I was asked recently what kind of approach to take when one needs to display large volumes to data to a user in a linear manner. In particular, what if you had millions of records (or even just hundreds, same concepts apply!), and for whatever reason, needed to allow the user to be able to scroll through these. I have handled this before using some well traveled patterns so I thought it would be useful to put it down as a short article and share the knowledge.
When dealing with anything more than a screenful of data, we need to consider how to present this data to the user. How will the user see the data and how can they navigate it? Clearly, anything more than a screens worth of data is too much for the poor human eye to take in at once and process with accuracy, so we need to implement some system of managing things behind the scenes. These basic concepts work the same for web as they do on desktop as they do on mobile (and perhaps other interfaces we haven't encountered yet!). This article looks at these (which you may know already nut have not thought too much about) and gives some examples and things to look out for.
Core Concept 1 - tracking user position
When a user requests data, they do it from a particular point of view, or position.
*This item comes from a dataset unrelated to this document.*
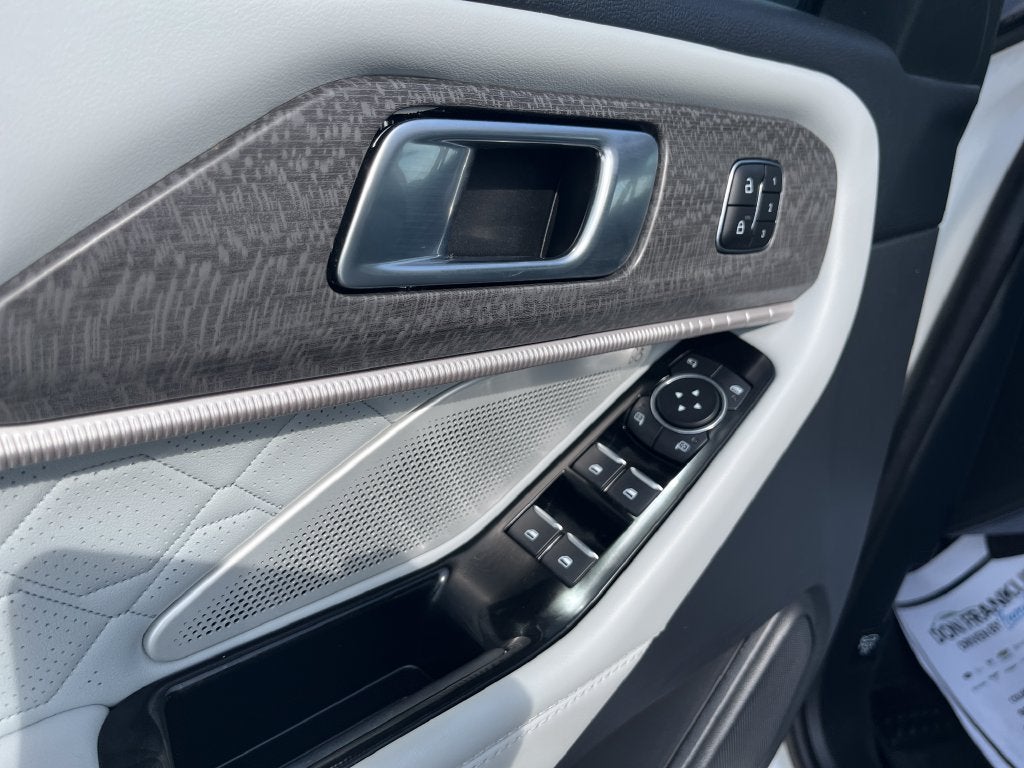 2025 Ford Explorer Platinum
The position taken, depends on the perspective and context of the data. Some examples:
- Facebook feed
- When you load up Facebook, depending on the underlying algorithms, you are presented with the latest posts of your friends, showing the most recent at the top of the page. The starting position here, is the last time perhaps that you logged in, or looked at this particular friends feed.
- CodeProject front page (1)
- After you land on the CodeProject homepage, you see 'Latest articles'. These are presented to you in a liner fashion. showing one featured article at the top, and then the ten latest article/tips. The starting position here, is the top ten articles published just before the time you logged in.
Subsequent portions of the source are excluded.